(C) 2011 American Institute of Physics. [doi:10.1063/1.3554623]“
“Background:
Pulmonary vein cryoablation (PVC) is a new approach in the treatment of recurrent atrial fibrillation (AF). Computed tomography (CT) can be used to evaluate the left atrium anatomy and PVs dimensions to facilitate the procedure. In radiofrequency procedures, some anatomic variants such as common left (CLPV) or right selleck chemicals llc (CRPV) PV were reported as factors associated with technical procedure difficulties and potential long-term complications. We hypothesized that the absence of CLPV as determined by CT would predict better AF-free survival after PVC.

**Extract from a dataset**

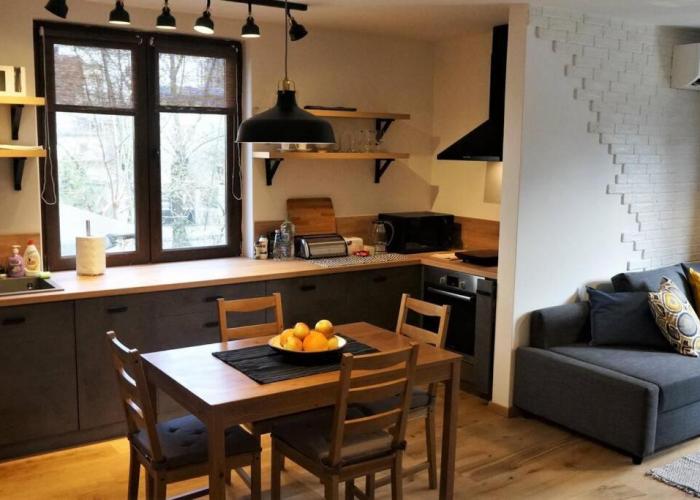 Centrally located , Brand new, cozy apartment with Parking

Methods and results: We included 118 consecutive patients (mean age 56 +/- 10 years; 77% males) with drug refractory paroxysmal (72%)/persistent (28%) AF, with more than 6 months follow-up, who underwent PVC. On CT scanning images performed within 1 month prior to ablation, we evaluated PV anatomic patterns: presence of CLPV or CRPV. Each patient was evaluated
by 24-hour Holter monitoring within 1 and 3 months and all patients were periodically evaluated at 1, 3, and 6 months, and every 6 months thereafter. Patients see more were asked to record their 12-lead electrocardiogram whenever they experienced symptoms suggestive of AF. Recurrence was defined as AF that lasted at least 30 seconds. CLPV was present in 30 (25%) patients and no patients with CRPV were identified. At the end of the 13 months follow-up, patients with normal PVs had significantly better AF-free survival compared to patients with CLPV (67% vs 50%, P = 0.02). The difference was present in patients with paroxysmal AF (P = 0.008) but not in patients with persistent AF (P = 0.92).

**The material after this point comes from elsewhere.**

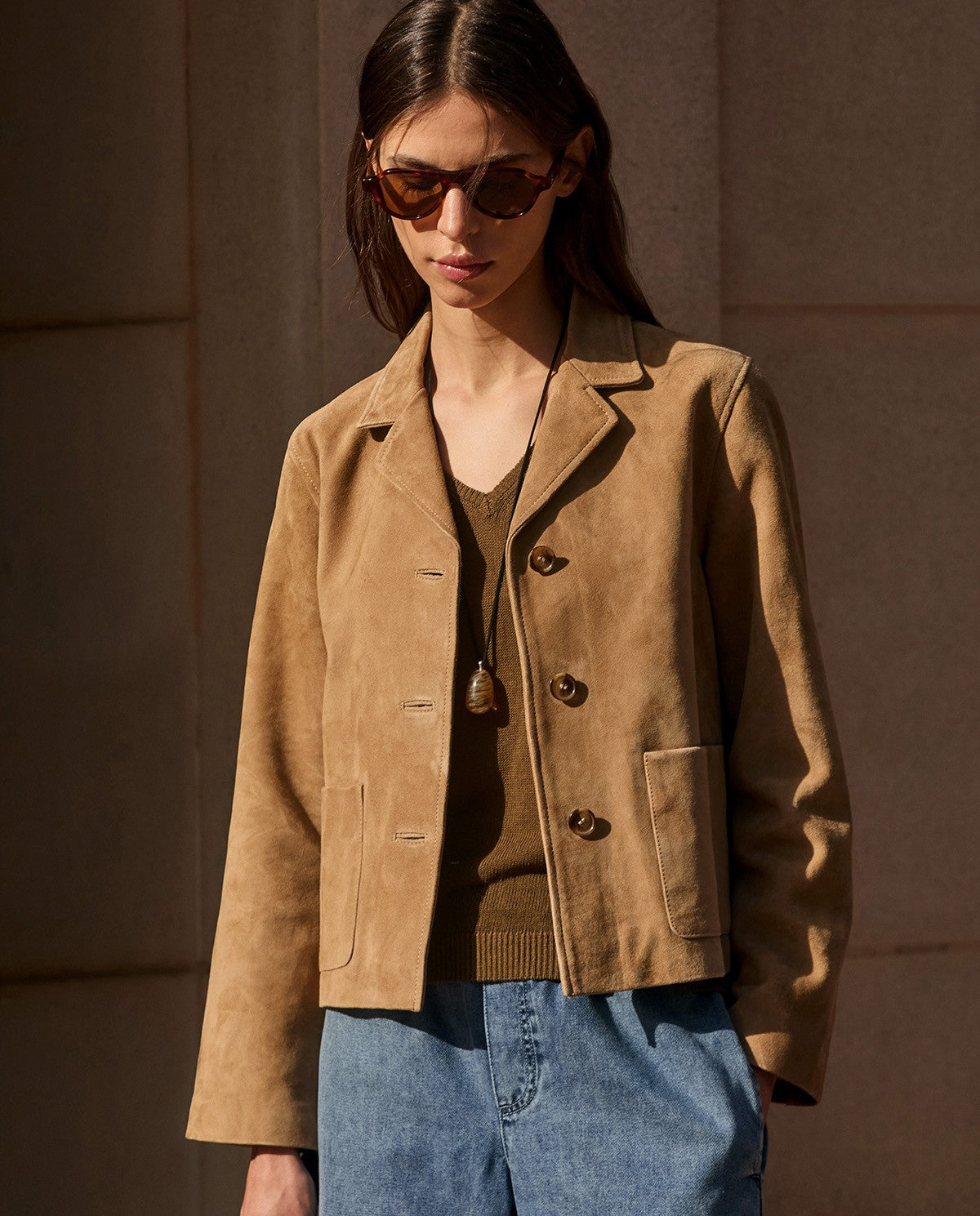 44811 - Suede jacket with lapels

Conclusion: In patients undergoing cryoballoon PV isolation for AF, the presence of normal PVs pattern is associated with better AF-free survival as compared to atypical PV anatomy with CLPV, particularly in patients with paroxysmal AF. (PACE 2011; 34: 837-843)”

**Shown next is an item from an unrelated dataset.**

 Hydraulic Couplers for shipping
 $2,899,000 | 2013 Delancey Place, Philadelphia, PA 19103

“The mycobacterial cell envelope has been implicated in the pathogenicity of tuberculosis and therefore has been a prime target for the identification and characterization
of surface proteins with potential application in drug and vaccine development. In this study, the genome of Mycobacterium tuberculosis H37Rv was screened using Machine Pfizer Licensed Compound Library Learning tools that included feature-based predictors, general localizers and transmembrane topology predictors to identify proteins that are potentially secreted to the surface of M. tuberculosis, or to the extracellular milieu through different secretory pathways. The subcellular localization of a set of 8 hypothetically secreted/surface candidate proteins was experimentally assessed by cellular fractionation and immunoelectron microscopy (IEM) to determine the reliability of the computational methodology proposed here, using 4 secreted/surface proteins with experimental confirmation as positive controls and 2 cytoplasmic proteins as negative controls.